WHAT THIS TASK INVOLVES: Below are the records. Gather each line that holds "vector".

SUPPLIED ENTRIES:
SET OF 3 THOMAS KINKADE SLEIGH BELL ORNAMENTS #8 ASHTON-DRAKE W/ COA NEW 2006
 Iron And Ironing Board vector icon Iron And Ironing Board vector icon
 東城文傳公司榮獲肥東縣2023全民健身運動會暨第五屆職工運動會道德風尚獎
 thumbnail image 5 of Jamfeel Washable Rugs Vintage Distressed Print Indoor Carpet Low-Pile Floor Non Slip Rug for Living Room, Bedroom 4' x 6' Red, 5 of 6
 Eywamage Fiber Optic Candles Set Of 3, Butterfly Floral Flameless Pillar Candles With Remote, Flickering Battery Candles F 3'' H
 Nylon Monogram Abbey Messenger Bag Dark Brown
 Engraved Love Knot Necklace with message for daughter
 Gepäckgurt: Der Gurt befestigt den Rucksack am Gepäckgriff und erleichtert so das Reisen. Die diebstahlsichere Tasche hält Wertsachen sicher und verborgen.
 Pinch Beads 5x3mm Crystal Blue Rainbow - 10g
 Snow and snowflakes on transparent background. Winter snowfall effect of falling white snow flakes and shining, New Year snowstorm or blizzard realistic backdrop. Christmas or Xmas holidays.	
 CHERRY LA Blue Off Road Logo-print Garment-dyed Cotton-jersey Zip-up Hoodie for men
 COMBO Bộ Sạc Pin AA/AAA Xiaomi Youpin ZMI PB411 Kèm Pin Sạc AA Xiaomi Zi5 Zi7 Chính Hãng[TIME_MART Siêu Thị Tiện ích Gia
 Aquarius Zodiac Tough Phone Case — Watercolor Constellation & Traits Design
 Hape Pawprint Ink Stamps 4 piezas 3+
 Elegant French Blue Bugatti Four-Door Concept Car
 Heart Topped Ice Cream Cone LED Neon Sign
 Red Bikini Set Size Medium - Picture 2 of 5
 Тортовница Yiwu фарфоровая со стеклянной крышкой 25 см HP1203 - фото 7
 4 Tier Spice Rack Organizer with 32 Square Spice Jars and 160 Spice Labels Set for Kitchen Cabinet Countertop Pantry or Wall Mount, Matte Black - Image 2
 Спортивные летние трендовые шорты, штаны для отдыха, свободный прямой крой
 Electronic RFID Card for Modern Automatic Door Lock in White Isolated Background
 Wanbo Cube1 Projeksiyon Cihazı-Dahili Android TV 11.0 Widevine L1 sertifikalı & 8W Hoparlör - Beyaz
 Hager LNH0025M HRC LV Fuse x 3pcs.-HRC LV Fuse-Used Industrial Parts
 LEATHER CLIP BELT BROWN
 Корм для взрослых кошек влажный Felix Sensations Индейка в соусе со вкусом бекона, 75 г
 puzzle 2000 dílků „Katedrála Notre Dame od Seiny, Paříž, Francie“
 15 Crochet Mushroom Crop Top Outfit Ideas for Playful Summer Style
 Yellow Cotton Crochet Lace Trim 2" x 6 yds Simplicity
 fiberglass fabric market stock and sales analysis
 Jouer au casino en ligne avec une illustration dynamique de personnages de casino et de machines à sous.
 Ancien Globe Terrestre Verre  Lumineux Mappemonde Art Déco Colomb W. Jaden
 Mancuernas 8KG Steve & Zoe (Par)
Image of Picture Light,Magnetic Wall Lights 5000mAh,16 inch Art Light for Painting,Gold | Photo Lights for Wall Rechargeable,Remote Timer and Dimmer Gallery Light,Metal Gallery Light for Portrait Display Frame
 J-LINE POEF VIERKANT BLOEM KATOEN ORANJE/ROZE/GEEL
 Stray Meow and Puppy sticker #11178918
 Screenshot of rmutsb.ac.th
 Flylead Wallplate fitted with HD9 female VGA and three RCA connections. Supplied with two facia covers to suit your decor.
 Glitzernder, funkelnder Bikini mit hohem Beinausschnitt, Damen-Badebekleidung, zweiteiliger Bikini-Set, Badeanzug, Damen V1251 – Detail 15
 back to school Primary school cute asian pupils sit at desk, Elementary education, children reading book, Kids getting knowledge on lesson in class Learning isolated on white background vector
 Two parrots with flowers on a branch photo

RESPONSE AREA:
 Iron And Ironing Board vector icon Iron And Ironing Board vector icon
 back to school Primary school cute asian pupils sit at desk, Elementary education, children reading book, Kids getting knowledge on lesson in class Learning isolated on white background vector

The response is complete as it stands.